According to the Current Account Switching Service (CASS), which was designed to make it easier to change bank, 1.03 million current account switches were made in 2015, down from 1.15 million in 2014, and lower than the 1.2 million switches made in 2012 – before CASS was launched. So there’s a risk that a new bank simply won’t attract enough depositors – but there is equally a risk in attracting too many, particularly at the wrong price.
It’s therefore crucial that new banks have accurate market insights with which to shape their main proposition. Targeted marketing isn’t just a pre-launch necessity – it needs to be built into the very fabric of how new banks operate, enabling them to continually open up new routes to market in cost-efficient ways. New banks need to ensure that they’re continually aware of what customers want, and that they’re using those insights to shape their product offerings. This is a far more agile and responsive approach than that of most established players.
Given that most challenger banks are online-only anyway, the efficiency and reliability of their websites and online banking systems are absolutely critical. Customers may find it annoying when sites and services such as eBay, Amazon or Uber crash, but as high-street names including RBS, HSBC and Barclays found in 2015, outages and failures cause real distress to customers – and could be the death knell for an online bank.
So it’s clear that new banks must absolutely prioritise the reliability, security and efficiency of their IT systems. But there’s more to ‘the right online platform’ than this.

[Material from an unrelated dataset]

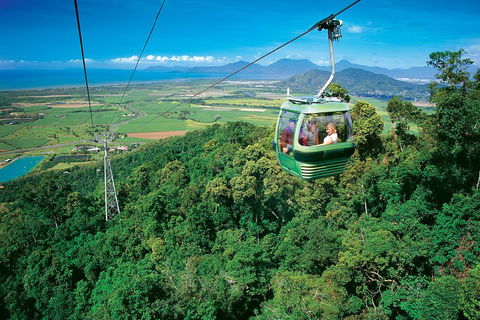 Skip The Line Kuranda Scenic Railway Gold Class And Skyrail Rainforest Cableway - Accommodation QLD 3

In a world where targeted marketing to develop a differentiated proposition is crucial, elements like website look and feel, customer journey and website responsiveness are where new banks can really stand out. Can customers access the banking website smoothly from multiple devices? If the bank is focused on its mobile offering, does the mobile app offer a clean, quick – but absolutely secure – experience? Does the site design offer the right balance between corporate and consumer-focused?
These stages take us through the preparation of a new bank to the launch itself. But the story doesn’t end there. Delivering absolutely on customers’ service expectations is essential if a new bank is going to continue attracting new customers – and keep its existing ones – in a landscape in which swift online reputation damage can be done via social media.
The key is a flexible platform designed to capture new clients and provide a straightforward system for them to register with the bank. This system must be easily customisable and efficiently integrated into the bank’s website and back-end systems, allowing the bank to access depositors through its own networks or through external price-comparison websites and digital publishers. From easy-to-use account creation applications to the delivery of important company information, it needs to be easy to use across both conventional and mobile devices.
All of this can seem daunting to new players in the banking market. There’s a huge amount of intelligence to gather, strategy to decide on and IT to develop. As such, new banks need to partner with organisations that have both the broad market insight and technical capabilities to assist with each stage in the process, guiding them through spotting market niches, and helping to develop their offerings accordingly to target those market sectors.
Crucially, this partner should share both the risks and rewards of a brand new banking offer, to ensure that the new entrant achieves their customer acquisition and deposit targets. They should be able to offer diverse yet highly focused market insights, and to manage the pre-launch, launch and post-launch services to ensure that everything goes smoothly. This way, new entrant banks can succeed in rising above the mass of challengers.